• **TASK REQUIREMENTS**
Only one stretch of the records below should be repeated. It starts with the line containing "Mehmet Uçum’dan ‘olması" and goes on through the line containing "Very Elegant Central", exactly as written.

• **INPUT**
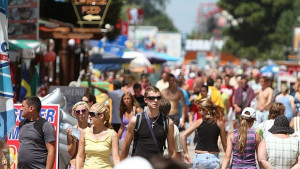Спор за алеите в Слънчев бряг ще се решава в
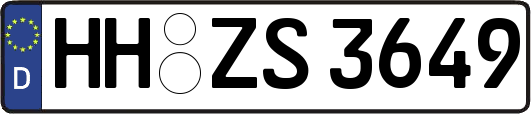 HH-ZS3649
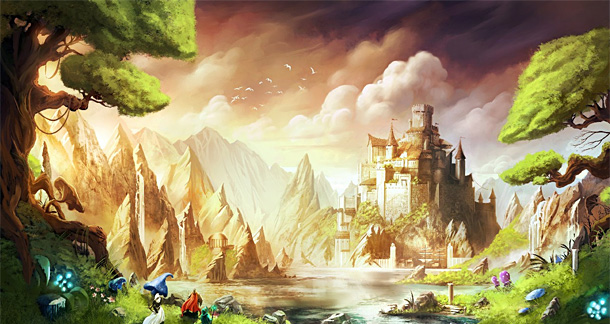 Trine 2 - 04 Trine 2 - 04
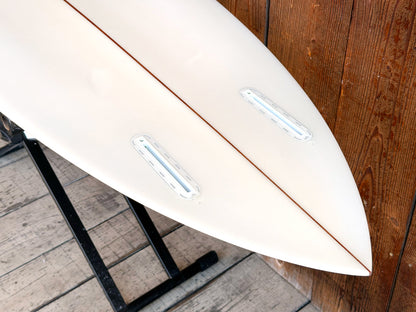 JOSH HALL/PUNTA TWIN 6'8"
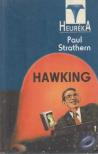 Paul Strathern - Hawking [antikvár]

* * *

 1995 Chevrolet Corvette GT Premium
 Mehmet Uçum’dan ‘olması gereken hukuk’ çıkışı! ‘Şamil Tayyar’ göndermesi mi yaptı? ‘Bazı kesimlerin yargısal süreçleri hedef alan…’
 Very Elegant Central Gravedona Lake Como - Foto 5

• **WRITTEN REPLY**
 Mehmet Uçum’dan ‘olması gereken hukuk’ çıkışı! ‘Şamil Tayyar’ göndermesi mi yaptı? ‘Bazı kesimlerin yargısal süreçleri hedef alan…’
 Very Elegant Central Gravedona Lake Como - Foto 5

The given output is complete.